Your goal
Write out again, exactly as they appear, the lines from the start of the data below through the line with "ジャケット がiLostで Het"; no pictures.

Records excerpted from a collection
════════

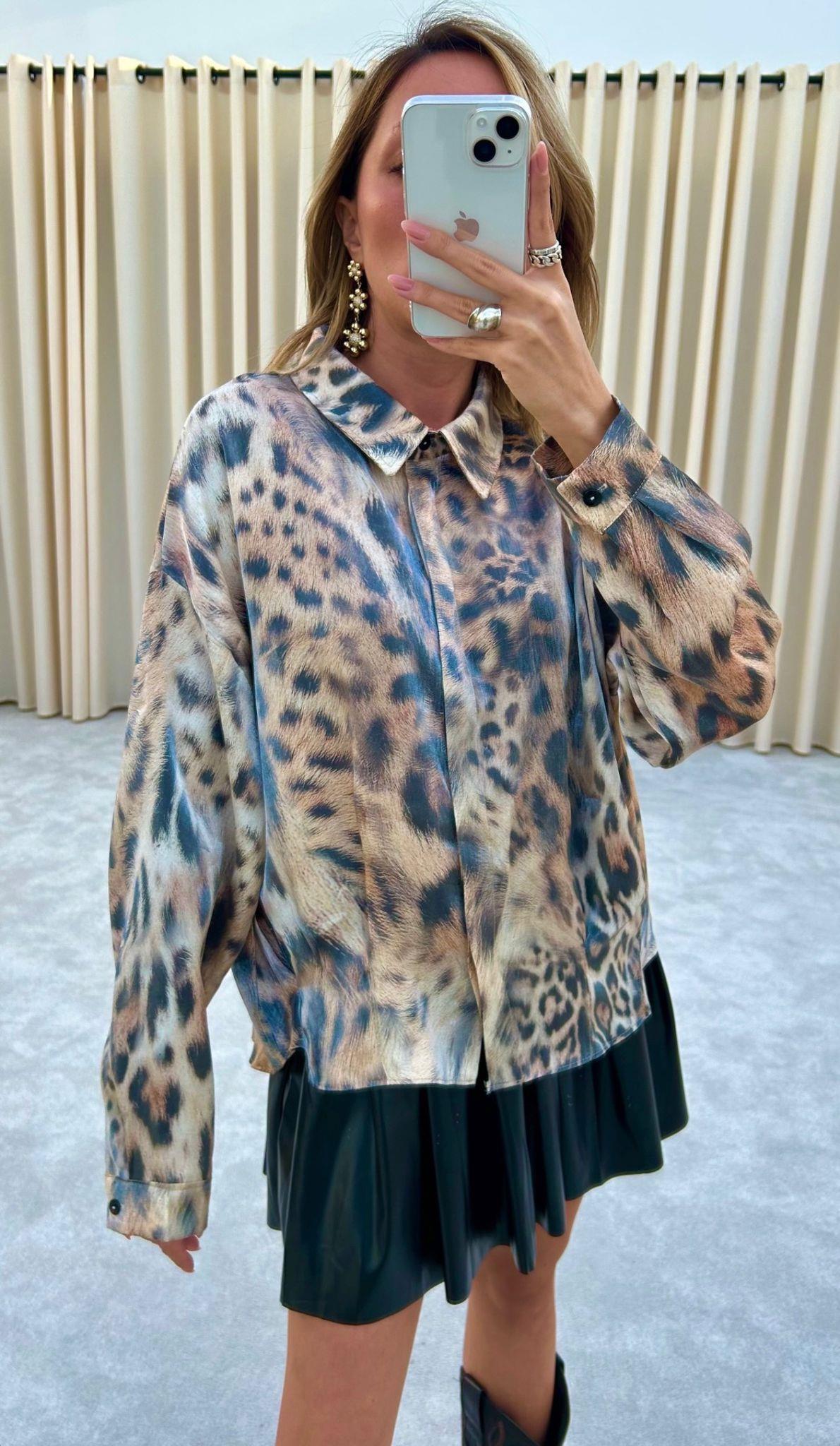 Leopar Desenli Saten Gömlek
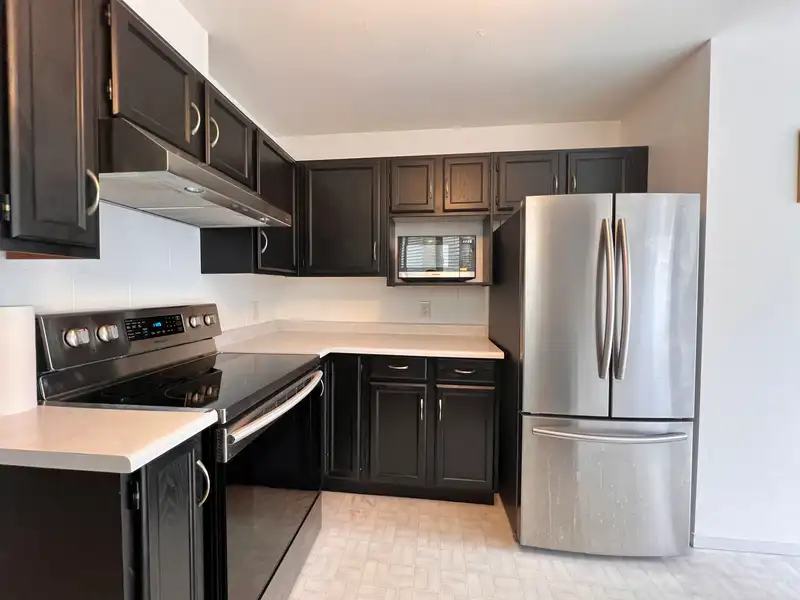 114 6841 138 STREET - photo 3 of 27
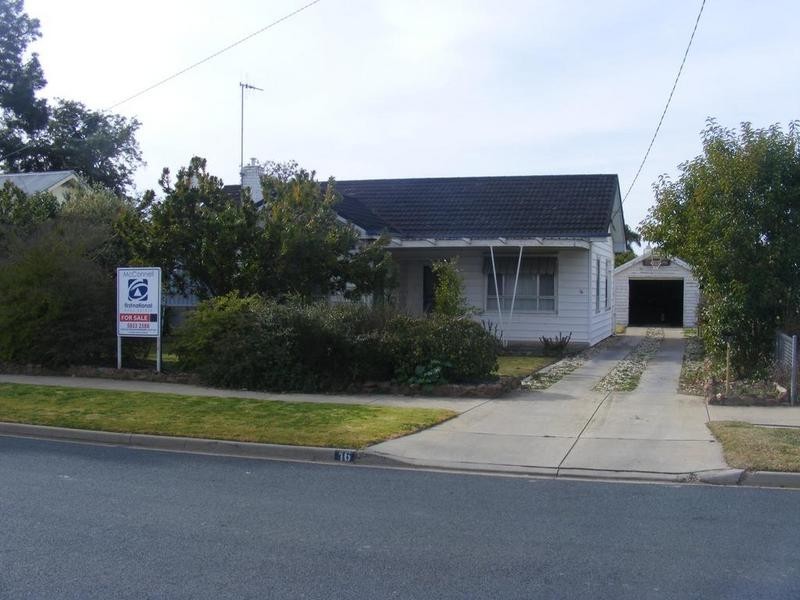 16 Unwin Street, Kyabram VIC 3620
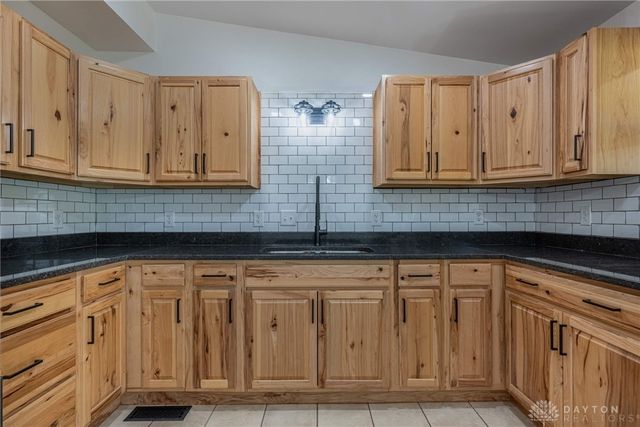 4124 Rosehill Drive, Beavercreek, OH 45431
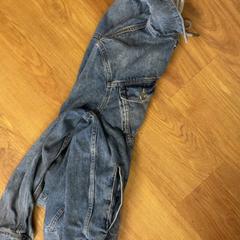 ジャケット がiLostで Het Amsterdamse Winterterras によって報告されました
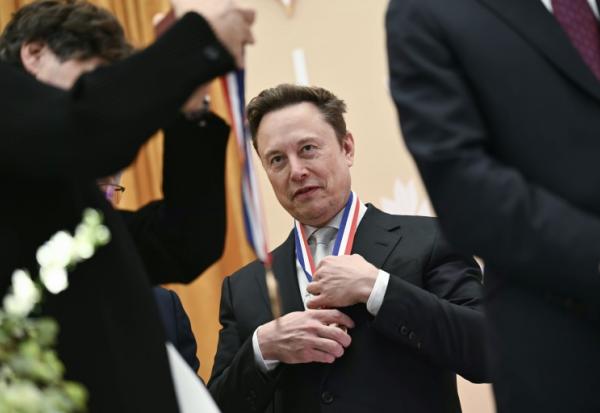 Elon Musk reçoit une médaille scientifique à la à Washington, le 8 octobre 2026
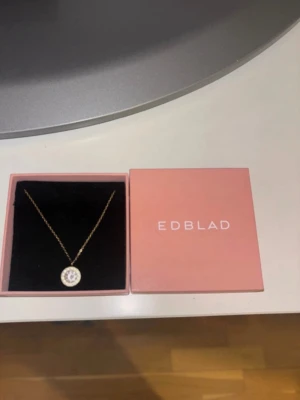 Edblad halsband - Bilderna visar ett halsband från Edblad i en rosa ask. 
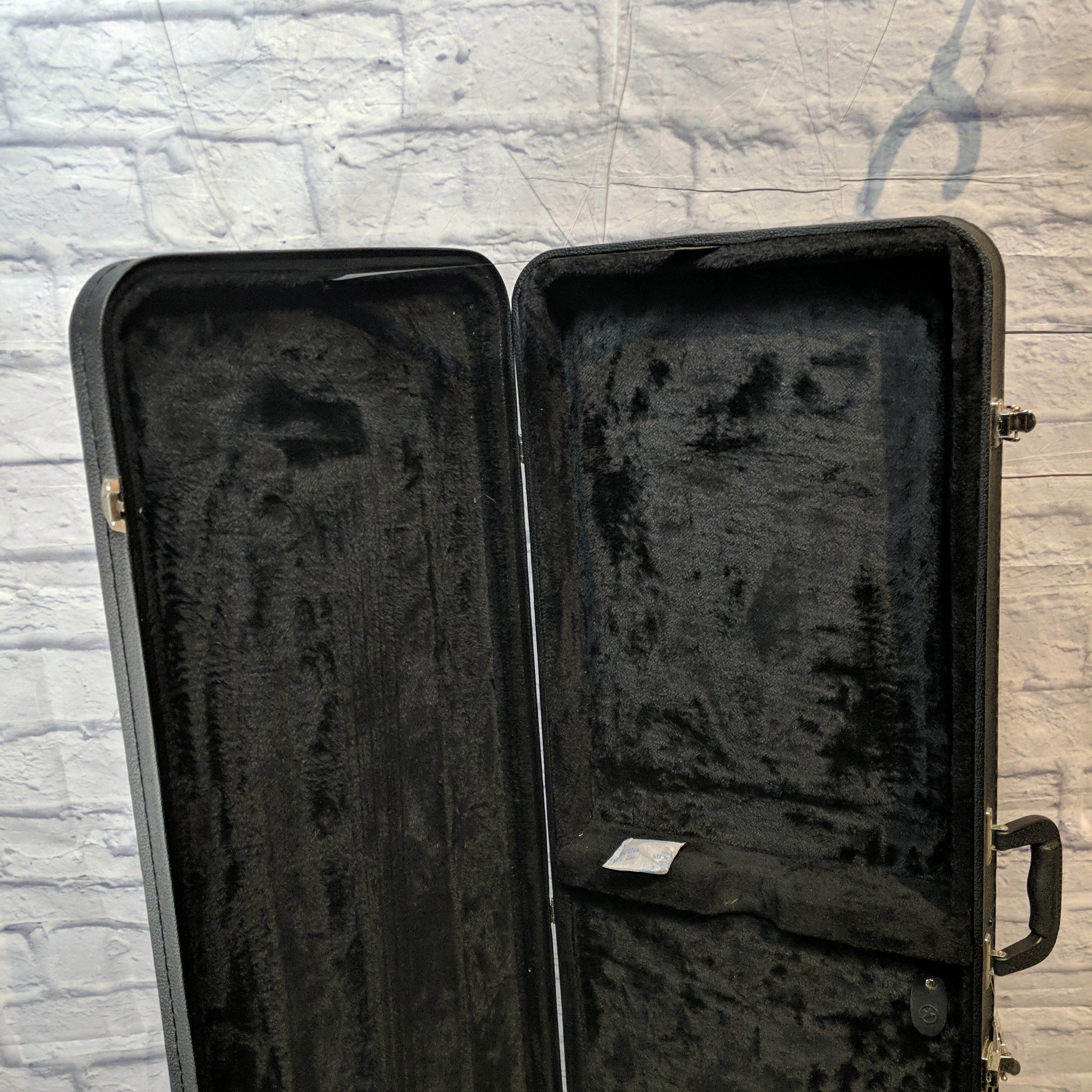 Road Runner Wood Bass Case Hard Case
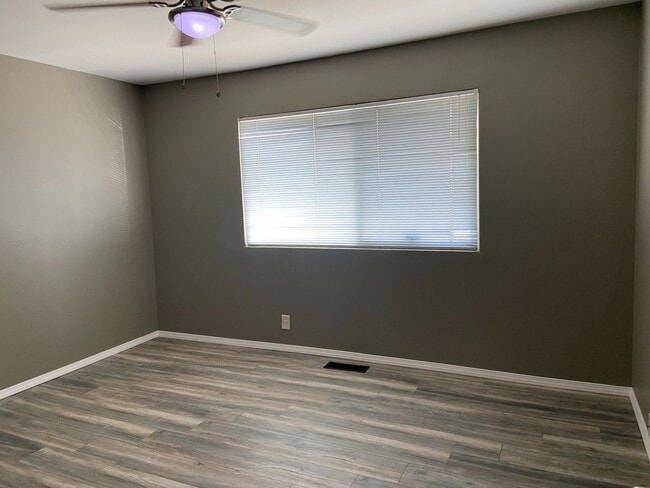 Building Photo - Great SE Portland Bungalow Close to Lynchview Park!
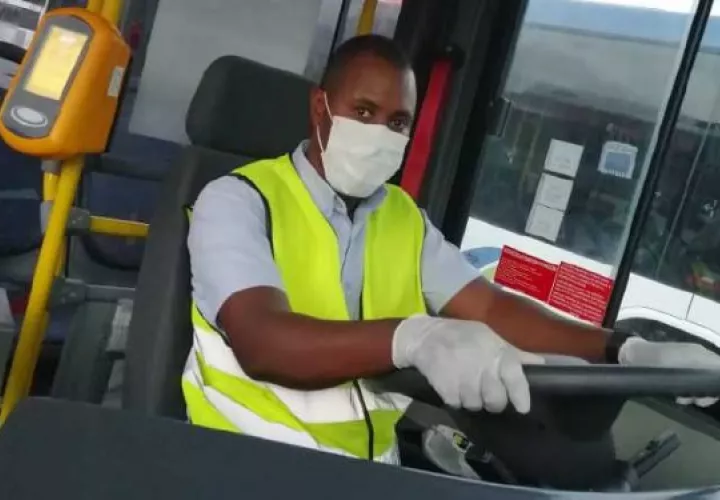 Luis Fernado Ambrose tiene 43 años y reside en el área de Panamá Norte. Tiene 20 años de experiencia como conductor. Foto: Cortesía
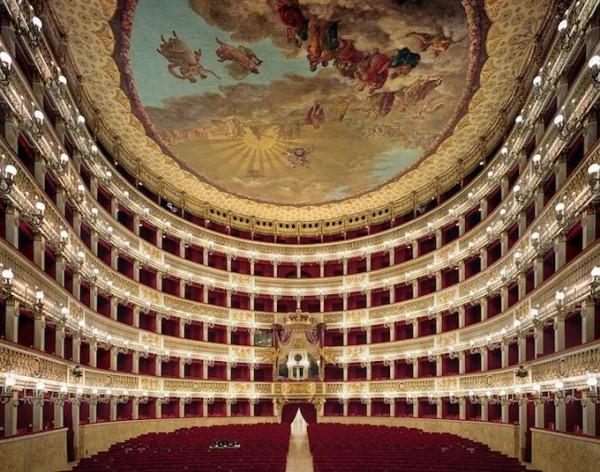 Операта "Teatro di San Carlo" в Неапол, Италия; Снимка: thewondrous.com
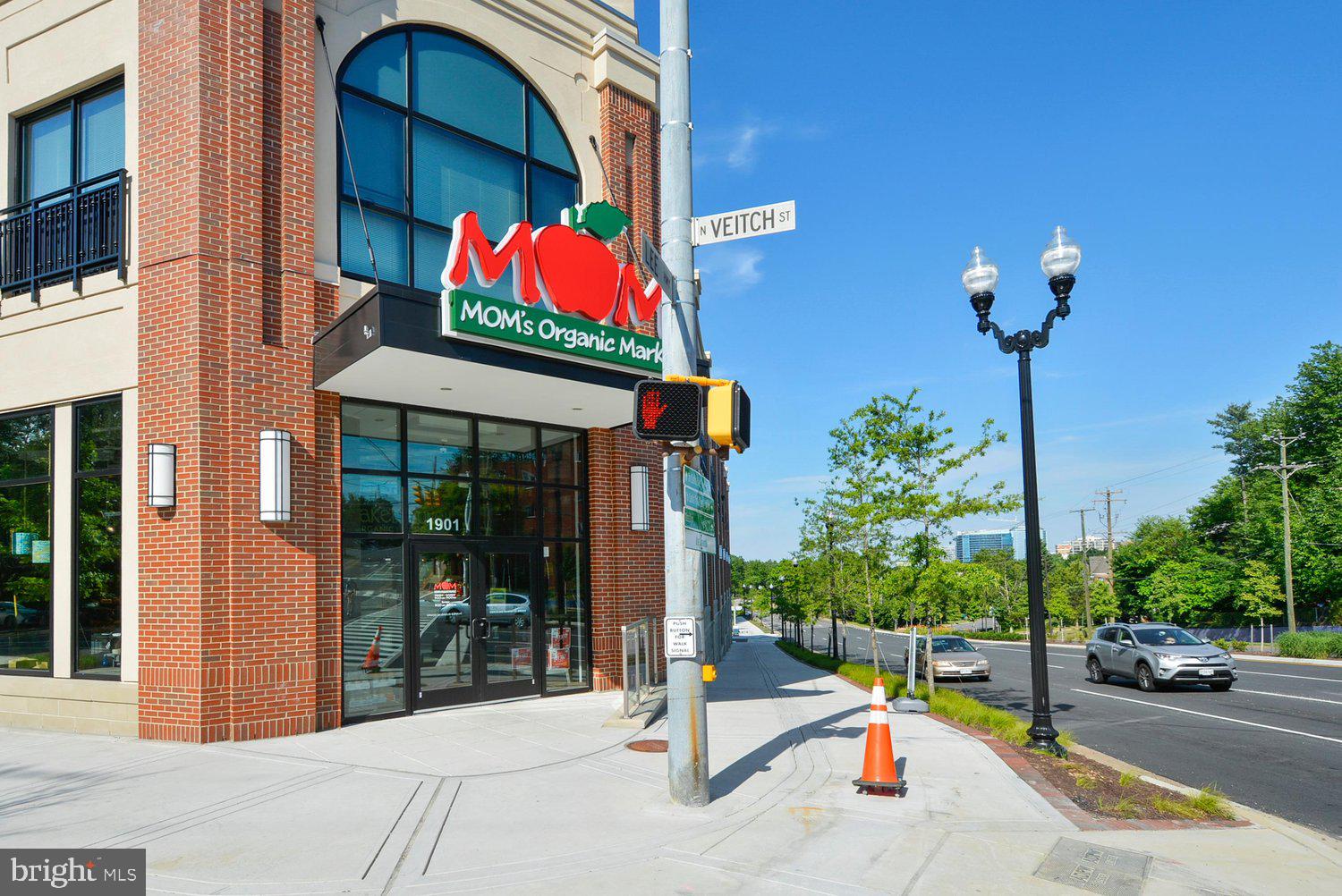 1301 North Courthouse Road, Unit 1607 Arlington, VA 22201 - Photo 41 of 44 Mom's Organic Market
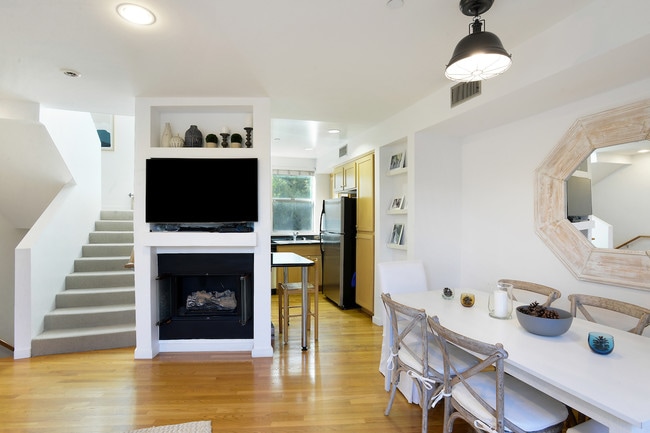 Living/Dining Room - 1544 Euclid St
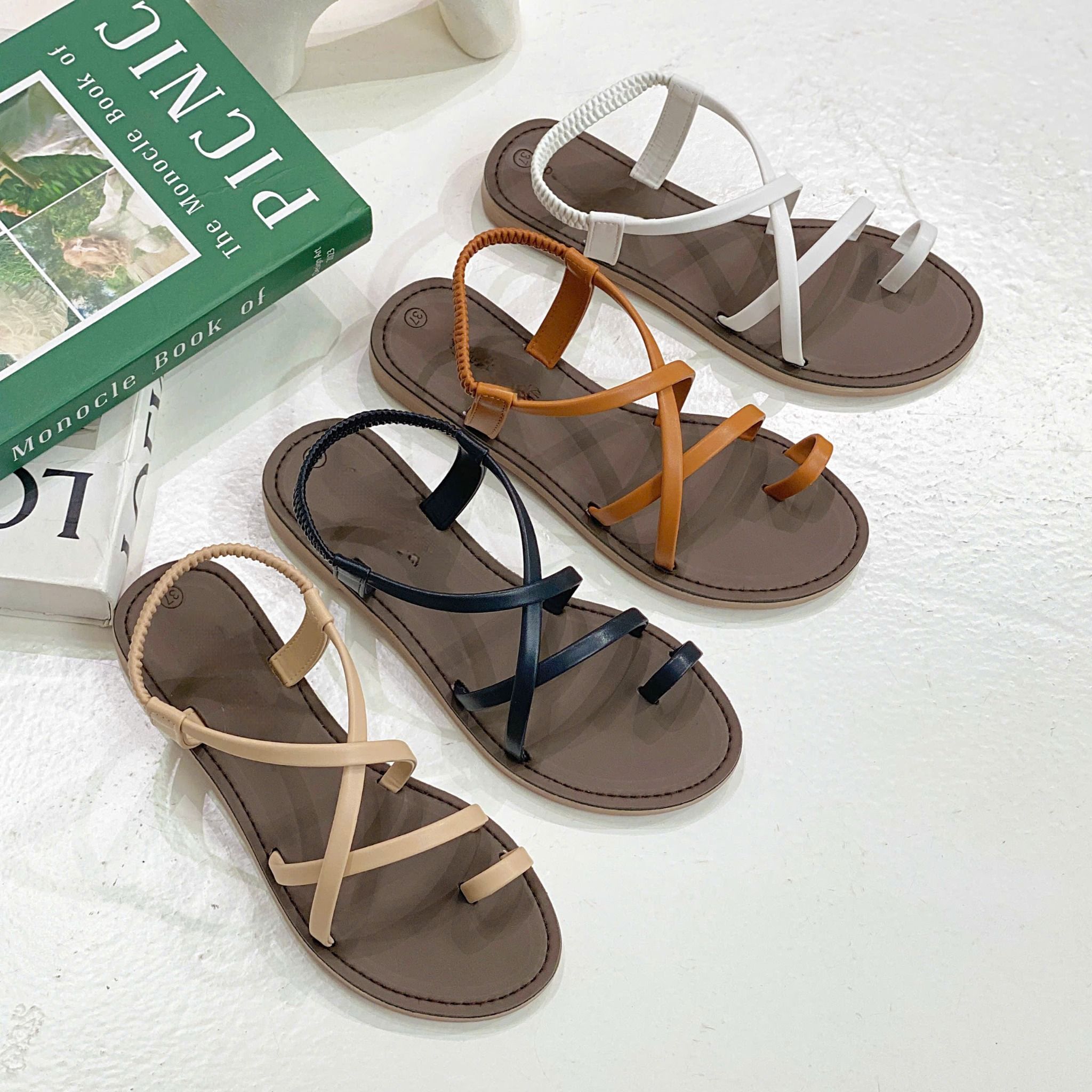Sandal mũi tròn xỏ ngón 3 quai chéo - MS: SX-25085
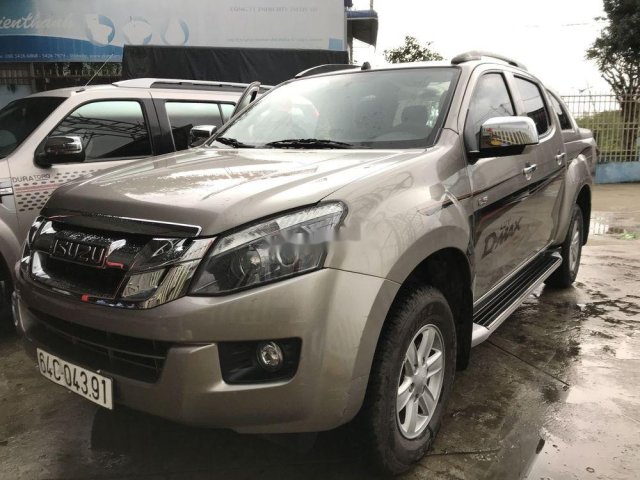 Bán Isuzu Dmax năm sản xuất 2016, màu vàng, số sàn 1 cầu0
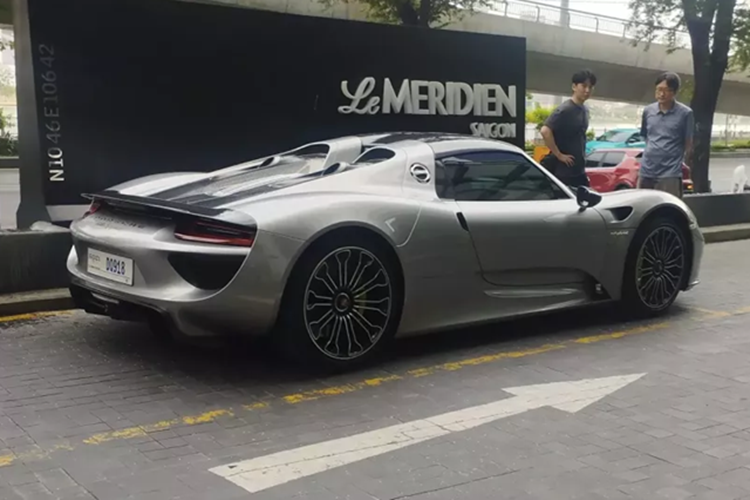 Cái tên chúng tôi muốn nhắc đến chính là Porsche 918 Spyder hàng cực phẩm, 1 mẫu xe hypercar vô cùng hiếm gặp trên thế giới, chứ đừng nói ở Việt Nam đã có đến 2 chiếc.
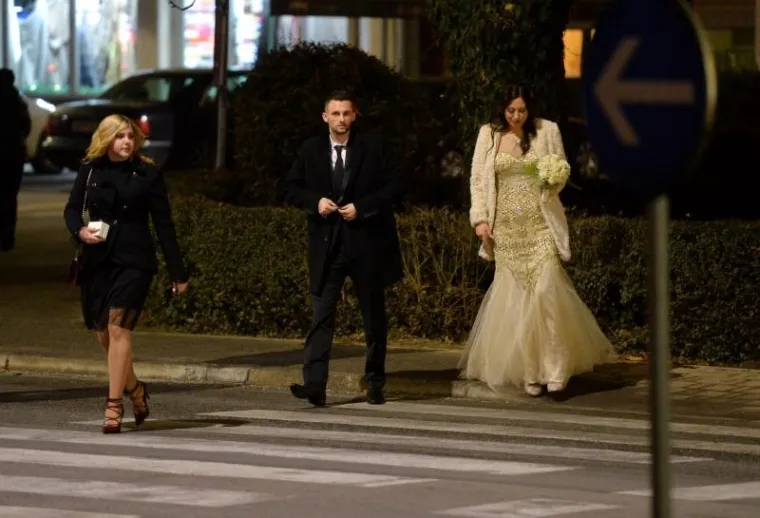 KAMERE IPAK UHVATILE TAJNO VJENČANJE MARCELA BROZOVIĆA: Nogometa&scaron; se oženio daleko od očiju javnosti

════════

Your solution
 Leopar Desenli Saten Gömlek
 114 6841 138 STREET - photo 3 of 27
 16 Unwin Street, Kyabram VIC 3620
 4124 Rosehill Drive, Beavercreek, OH 45431
 ジャケット がiLostで Het Amsterdamse Winterterras によって報告されました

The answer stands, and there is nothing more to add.